START RECORD SET
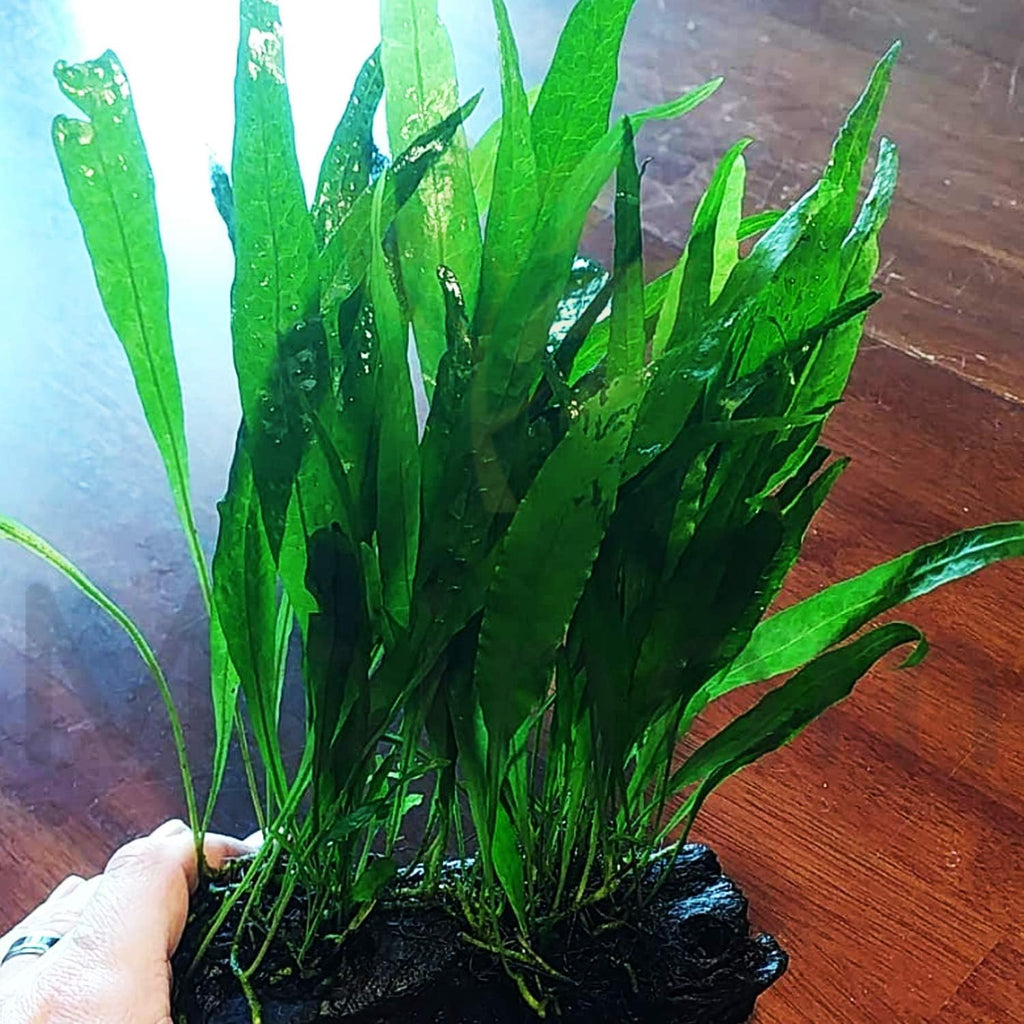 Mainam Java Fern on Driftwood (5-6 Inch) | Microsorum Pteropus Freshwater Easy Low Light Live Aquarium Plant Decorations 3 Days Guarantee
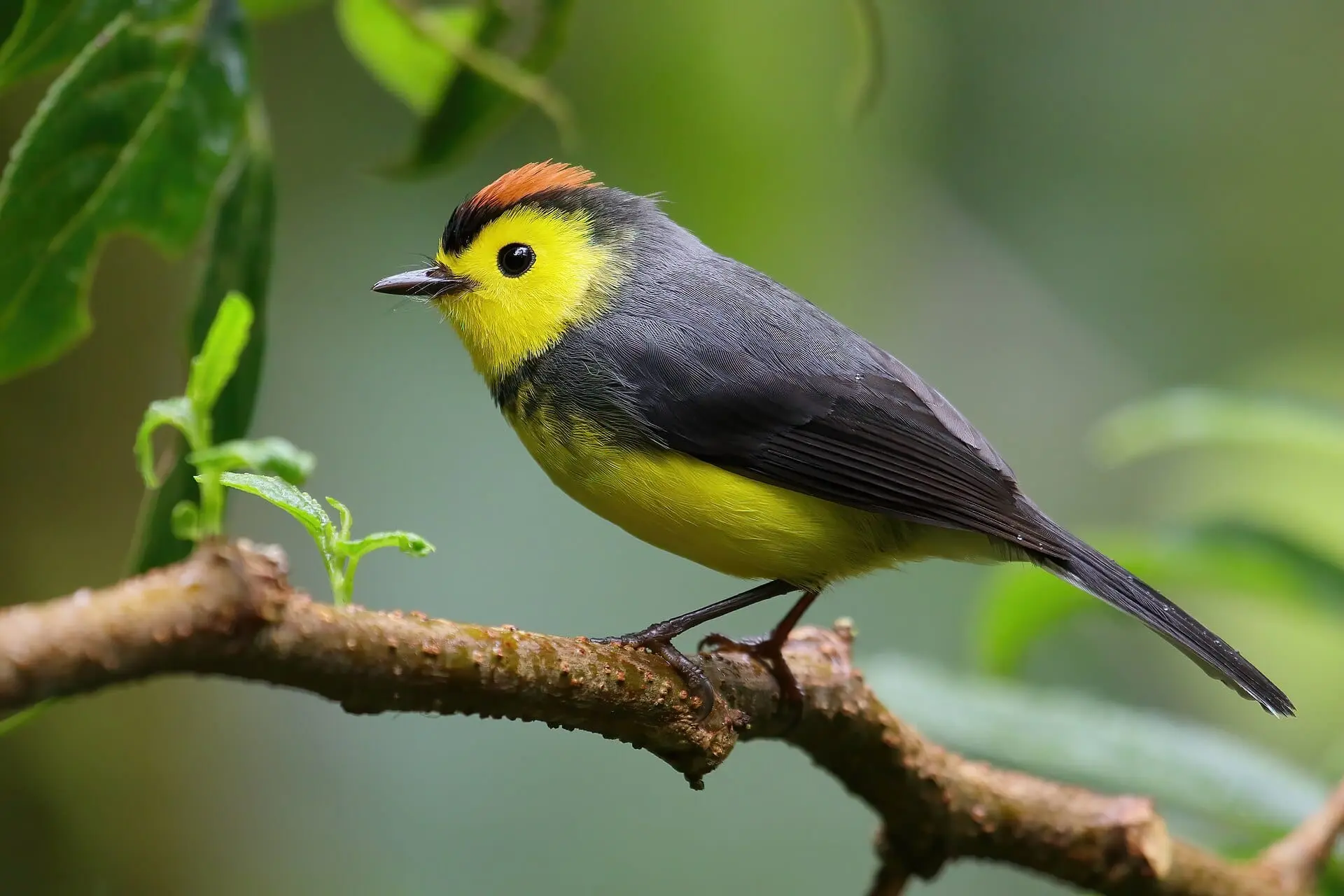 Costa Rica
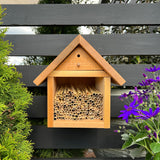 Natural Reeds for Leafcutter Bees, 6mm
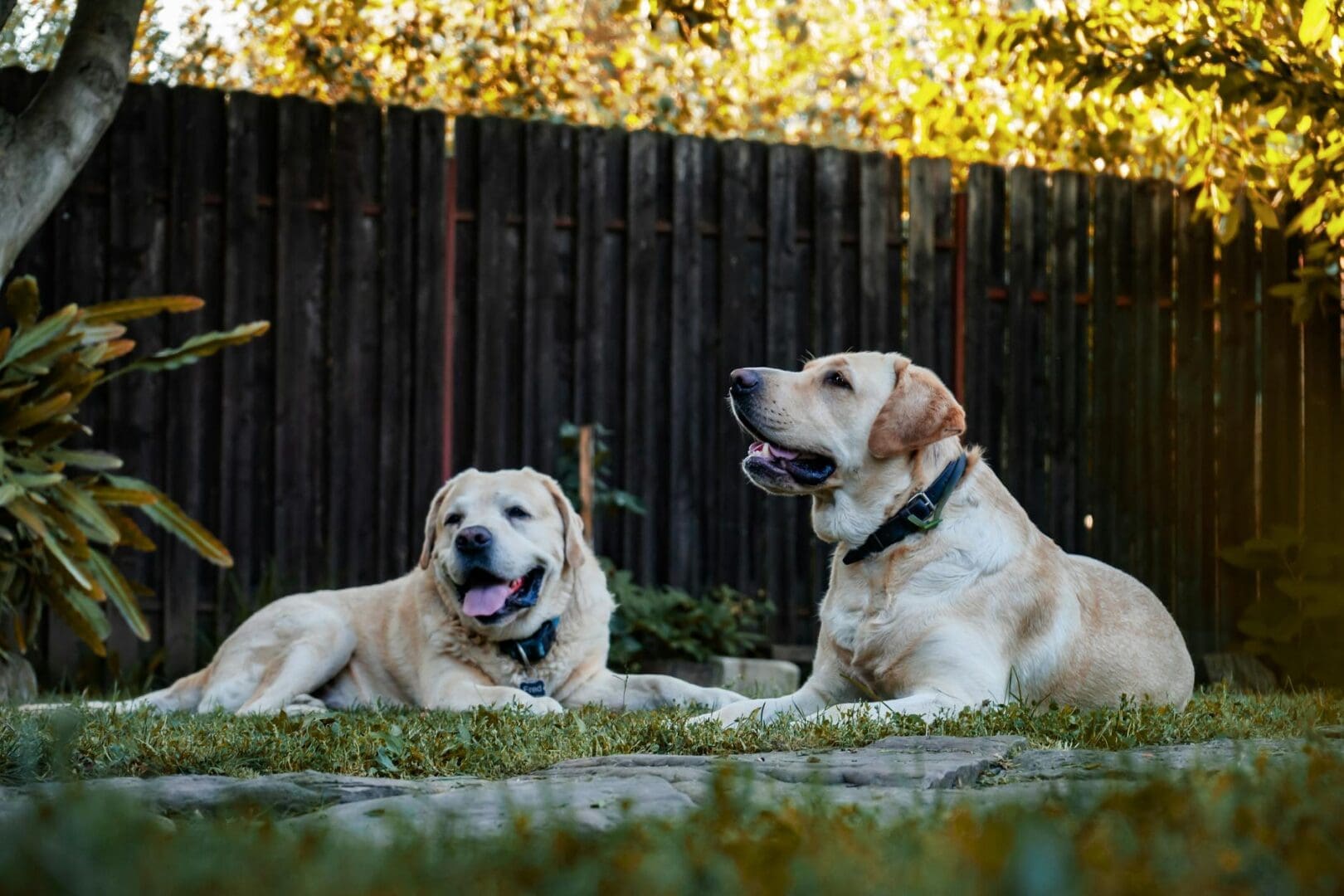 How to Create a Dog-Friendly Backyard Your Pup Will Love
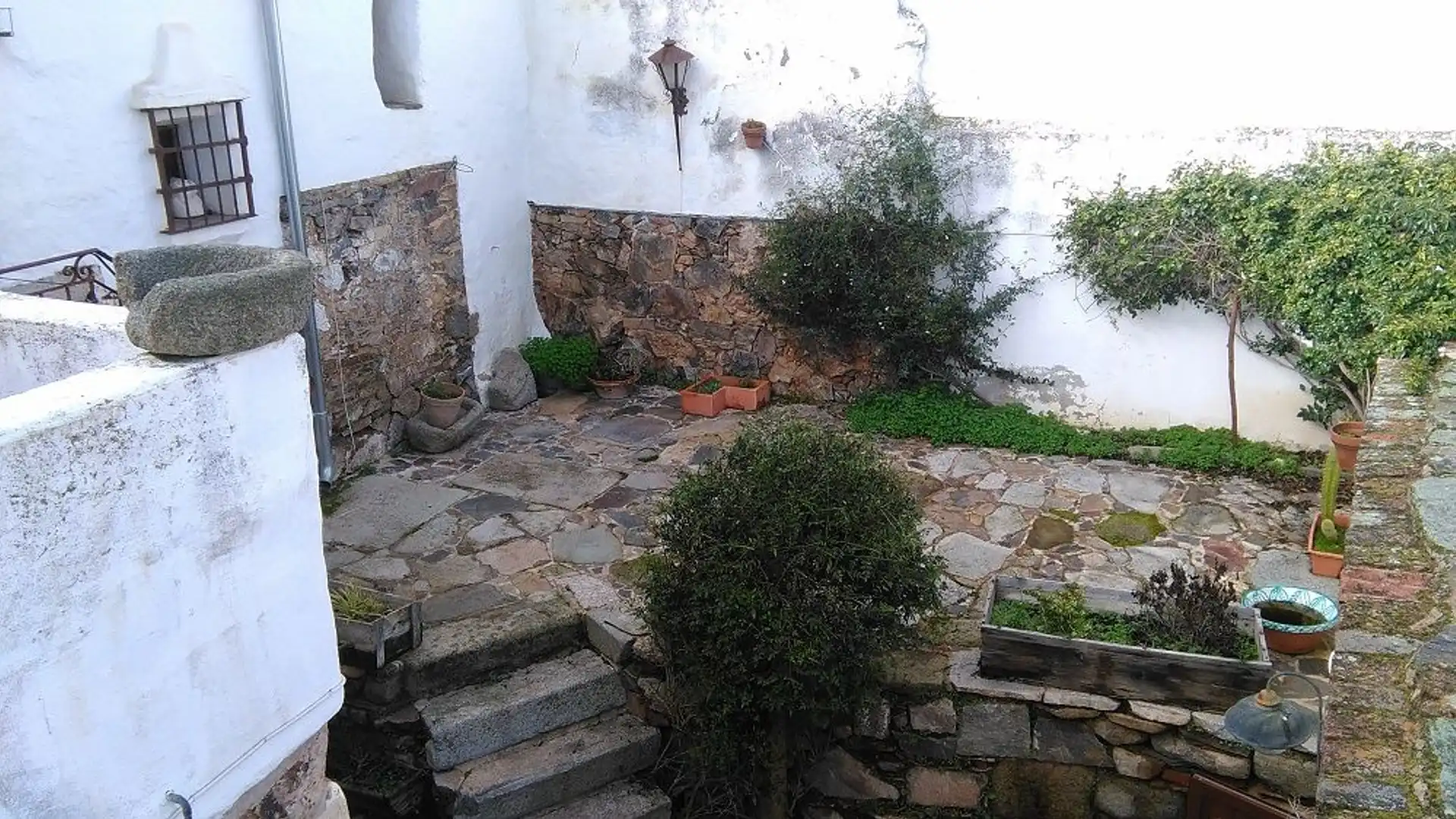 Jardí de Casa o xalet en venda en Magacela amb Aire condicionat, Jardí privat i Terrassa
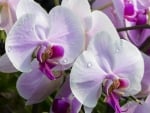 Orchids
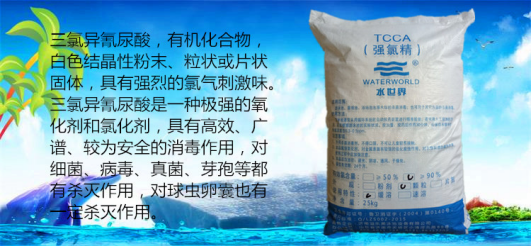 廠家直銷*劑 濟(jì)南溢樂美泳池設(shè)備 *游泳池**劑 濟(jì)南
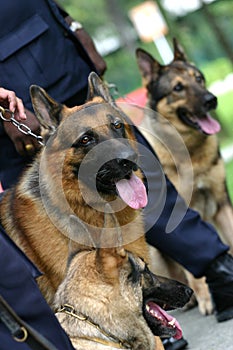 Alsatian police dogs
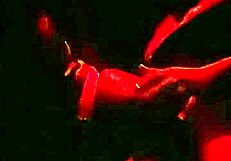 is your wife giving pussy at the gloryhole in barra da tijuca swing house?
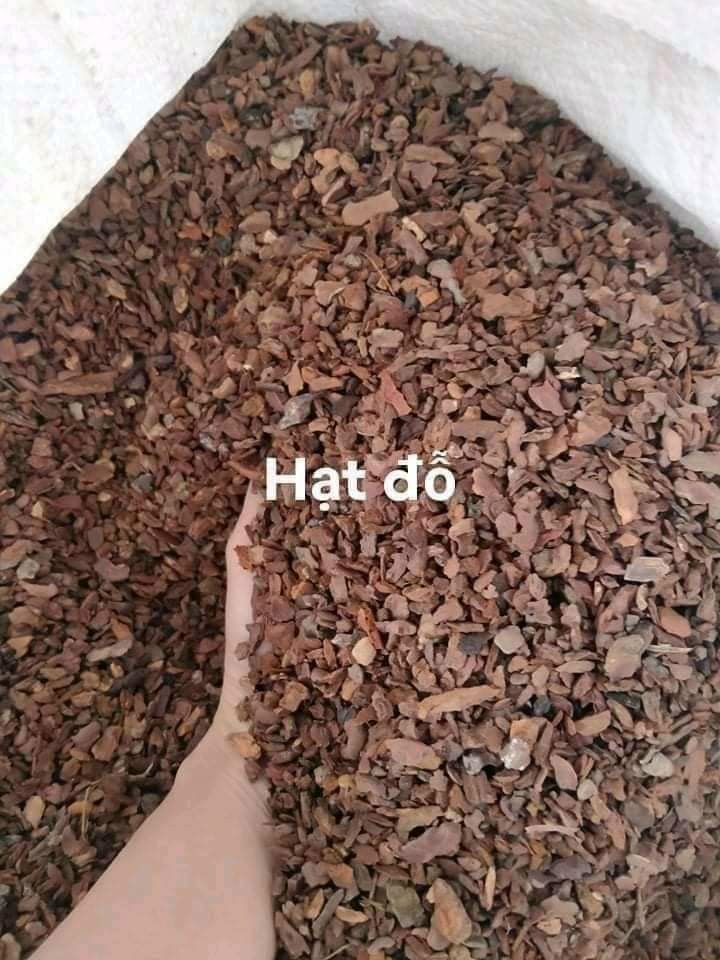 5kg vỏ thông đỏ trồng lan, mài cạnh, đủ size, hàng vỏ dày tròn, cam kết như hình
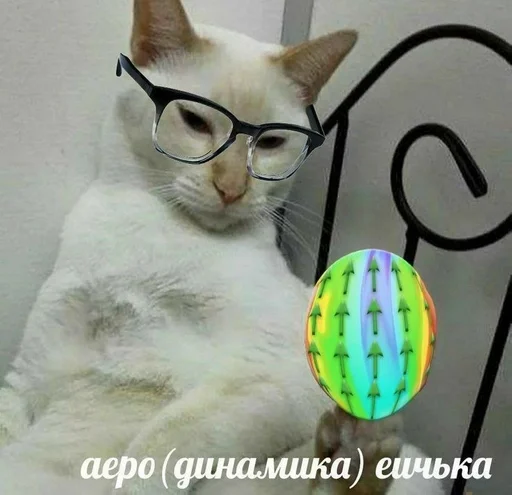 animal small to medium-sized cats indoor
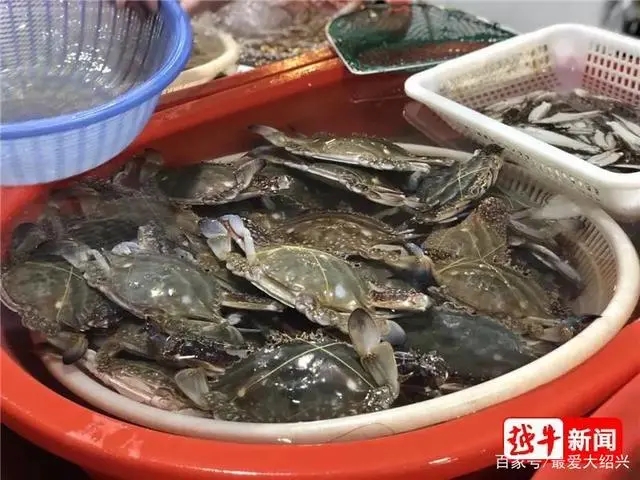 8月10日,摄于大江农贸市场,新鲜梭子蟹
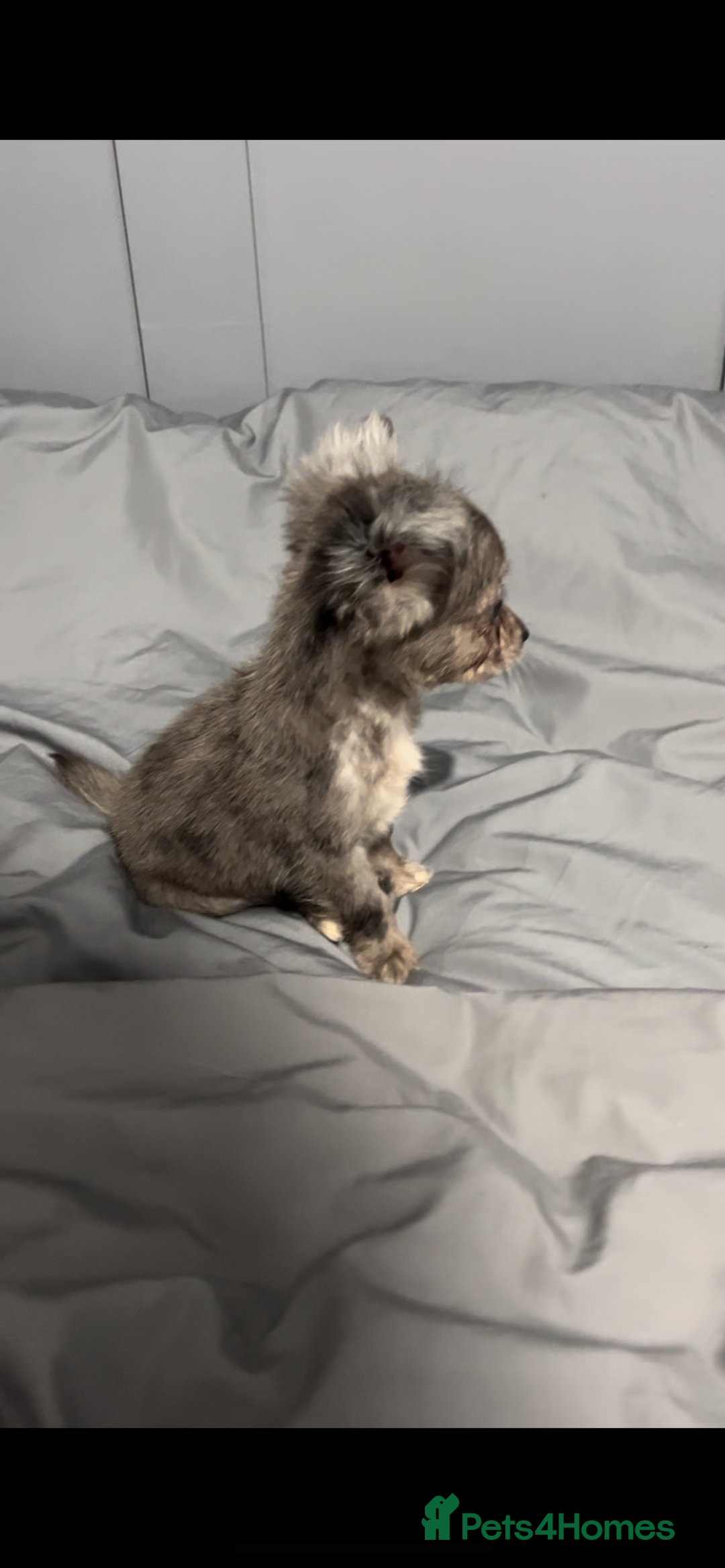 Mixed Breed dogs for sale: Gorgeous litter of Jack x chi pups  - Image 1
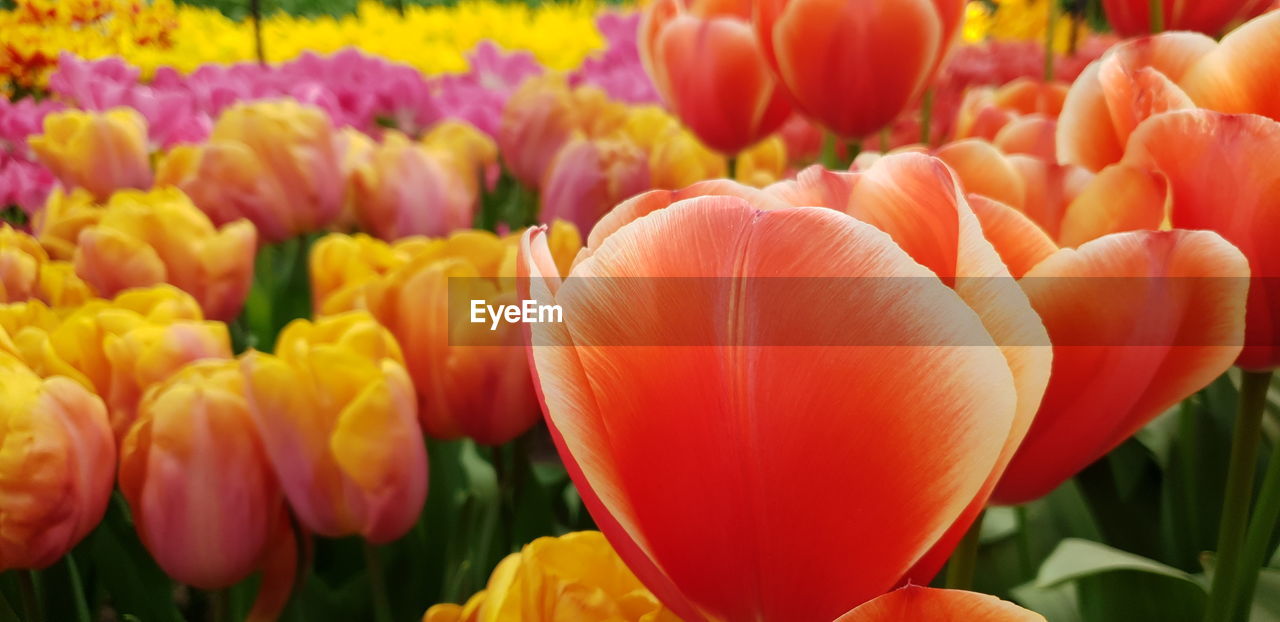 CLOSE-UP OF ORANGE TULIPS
END RECORD SET
◆ **WHAT YOU SHOULD DO**:
Return, exactly as they appear, the lines from the line containing "animal small to medium-sized cats indoor" through the end of the records above, both ends included, without pictures.

◆ **TASK RESPONSE**:
 animal small to medium-sized cats indoor
 8月10日,摄于大江农贸市场,新鲜梭子蟹
 Mixed Breed dogs for sale: Gorgeous litter of Jack x chi pups  - Image 1
 CLOSE-UP OF ORANGE TULIPS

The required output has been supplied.